Making My First Browser Plugin
I have a feeling most of my followers know about XKCD already, the webcomic that has become a staple of nerd culture, and if you haven’t then congratulations! You are one of today’s lucky 10,000!
I have been following XKCD religiously for years now, and have enjoyed pretty much every single one of the comics. However, occasionally, there will be one that I don’t get; perhaps an obscure math reference or a programming reference back before that became my thing. On days like that, I was thankful for Explain XKCD, a wiki-like website where nerds get together to explain all of the webcomics.

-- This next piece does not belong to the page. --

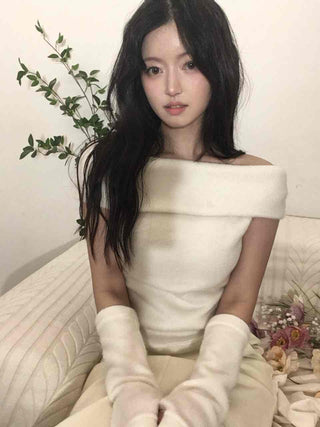 Romantic See-through Slash Neck Balloon Sleeve Knit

A few days ago I was looking for a small project to help me get into the world of browser plugins, and the idea occurred to me to add a link to each XKCD comic that would take a user directly to the corresponding page on Explain XKCD.
When I started, I didn’t know what was involved in making a browser plugin, but I figured I’d give it a night to get started and maybe finish it off over the weekend.
I ended up being surprised at how easy it was, within 2 hours of sitting down at the computer I had read the documentation, written a working plugin, packaged it, and gotten it approved on Mozilla’s add-on store!
Mozilla has excellent documentation that describes the entire process from beginning to end, including sample plugins you can code along.
The process itself is relatively straightforward. At it’s minimum all a browser plugin contains is a manifest.json file that contains information about the plugin (name, version, the URLs it should work on), and a JavaScript file with the actual code.
Of course, the JavaScript can get as complex as you want it to, but in my case, the whole plugin contained less than 20 lines of code.
If you like XKCD as much as I do I’d appreciate it if you downloaded the extension (you can find it here for Firefox and here for Chrome) and let me know how it works for you!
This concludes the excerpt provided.